Now, City Hall is finally cracking the whip on valet cheats — by using “technology-based solutions” to eliminate “intentional and deliberate failure” to pay the city’s 22 percent parking garage tax for monthly, weekly and daily parking and the 20 percent tax for daily parking in garages on weekends.

The Emanuel administration has issued a “request for information” from companies interested in improving

“tax and data collection” from valet parking companies in a way that enhances consumer protection.

The document declares there is no reason 100 valet operators at 400 locations should generate just $2.1 million in annual revenue.

“Based on historical audit findings, this should have been substantially more,” the document states. It adds that routine city audits and tax-compliance investigations have discovered “previously unforeseen gaps that can be addressed by enhancing data tracking tools.”

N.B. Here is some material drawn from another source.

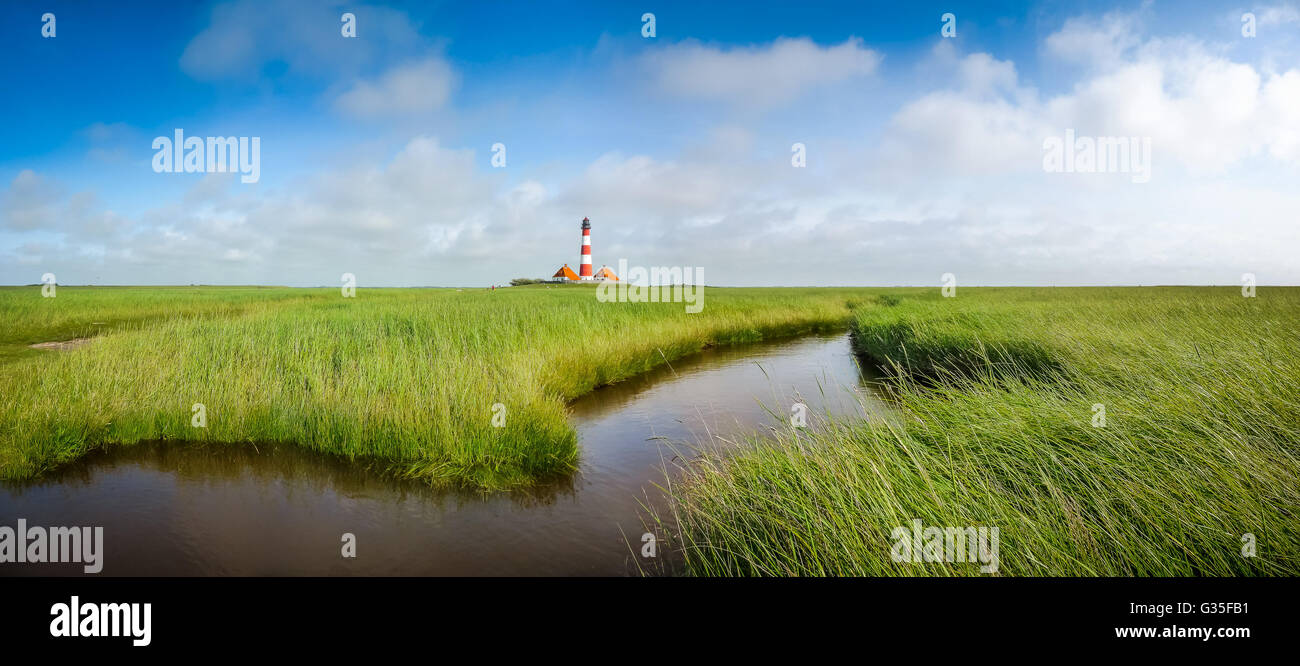Beautiful landscape with famous Westerheversand lighthouse at North Sea in Nordfriesland, Schleswig-Holstein, Germany Stock Photo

The document continues: “With a 20 percent tax rate on valet parking, each unreported transaction costs the city a significant amount of tax revenue. Furthermore, the valet parking fee includes a tax paid by the consumer with the understanding that it will be used to fund essential city services and operations. When a collected tax is not remitted, it’s a breach of public trust. The city is seeking to narrow this gap.”

Until July 1, valet operators had to pay their monthly tax liability by the 15th day of the following month and file a tax return annually.

Now, those same valet operators must file a tax return every month. But since the city does not offer “a technological solution,” licensed valet operators must remit taxes manually and provide operational data when the city asks.

“Enforcement activity involving the valet parking industry generally yields significant findings for several reasons, including a lack of sophisticated data tracking, inadequate internal controls and intentional under-reporting,” the document states.

“Additionally, due to a lack of real time data tracking, consumer and operator protections — such as ensuring valet operators are licensed, the ability to track cars and valet parking service, including at the parked locations — as well as overall security and safety are weakened.”

A “robust” technological solution has the potential to solve all those problems and more, minimizing chronic abuses and enhancing protections for consumers, the city contends.

It will “enable licensed valet operators to electronically track and inventory vehicles in their possession, provide consumers with proof of services as well as collect valet payments and remit taxes in real-time,” the RFI states.

“Such ideas will enable the city to increase tax receipts, increase compliance with operational requirements, generate robust data to facilitate the audit process as well as increase consumer protections.”

The high-tech solution the city seeks is expected to include: real-time reporting and tax remittance; license information and location tracking; date and time vehicles are dropped off and picked up; location and number of vehicles in possession of a valet operator at any given time and the date, time and duration of vehicle possession.

Other options include license plate recognition technology “as part of a ticket-less solution, if feasible.” That information would be linked to the city’s parking ticket database “to determine who was in possession of a vehicle when tickets are issued.”

Two years ago, valet parkers were still thumbing their noses at city regulation despite countless efforts over the years to rein in chronic abuses.

At the time, an eye-popping two-thirds of 388 valet operators investigated by the city were not in compliance with off-street parking mandates and other regulations; that triggered $300,000 in fines, 2,500 administrative notices of violation and 73 “removal orders to cease and desist.”

In May 2017, the City Council tried again to tighten the regulatory rein on valet parkers and make it tougher for SpotHero and other parking aggregators to avoid the city’s parking tax.

Downtown Ald. Brendan Reilly (42nd) championed both ordinances, for good reason. His downtown and River North ward is an entertainment and dining mecca plagued by parking, traffic and congestion problems.